== Brief ==
Return the whole listing, line for line, without the pictures in it.
-- Dataset extract follows --
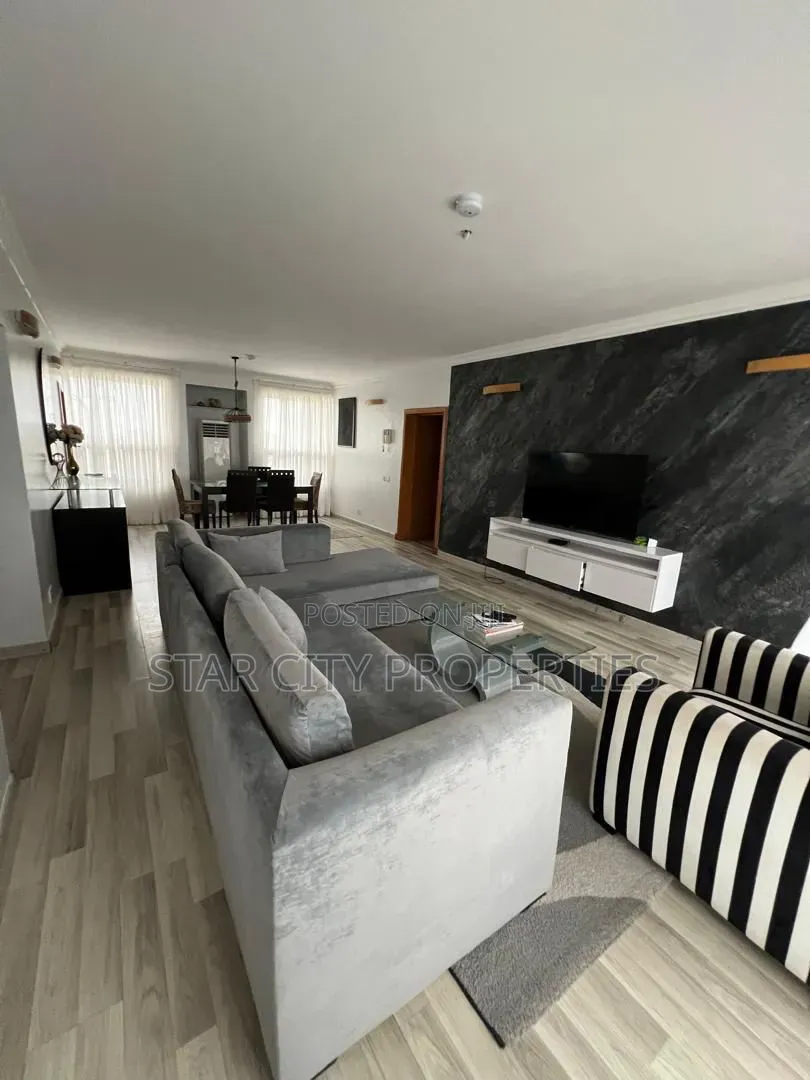3bdrm Apartment in Club Road Ikoyi for rent in Old Ikoyi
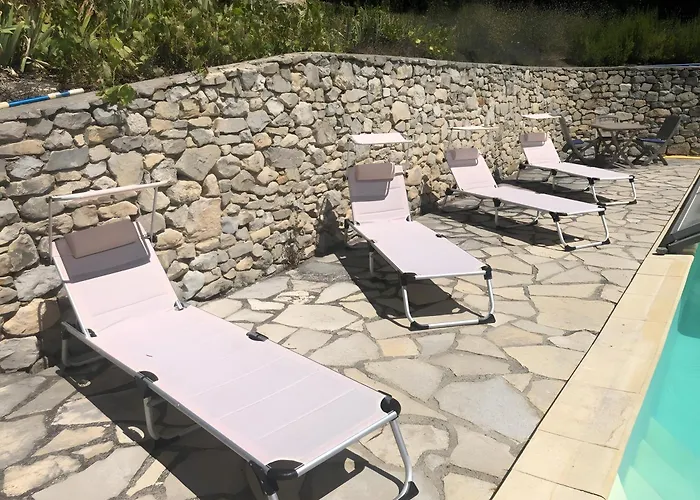 Mas En Pierre Holiday home
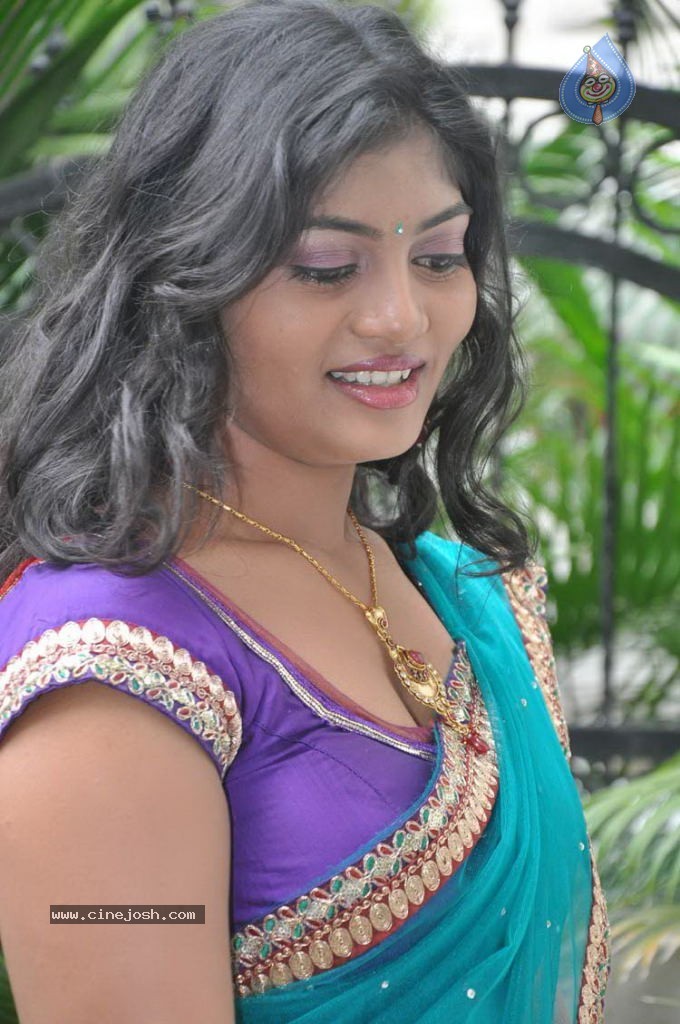 Sowmya Stills - 30 / 38 photos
-- Dataset extract concluded --
== Answer area ==
3bdrm Apartment in Club Road Ikoyi for rent in Old Ikoyi
 Mas En Pierre Holiday home
 Sowmya Stills - 30 / 38 photos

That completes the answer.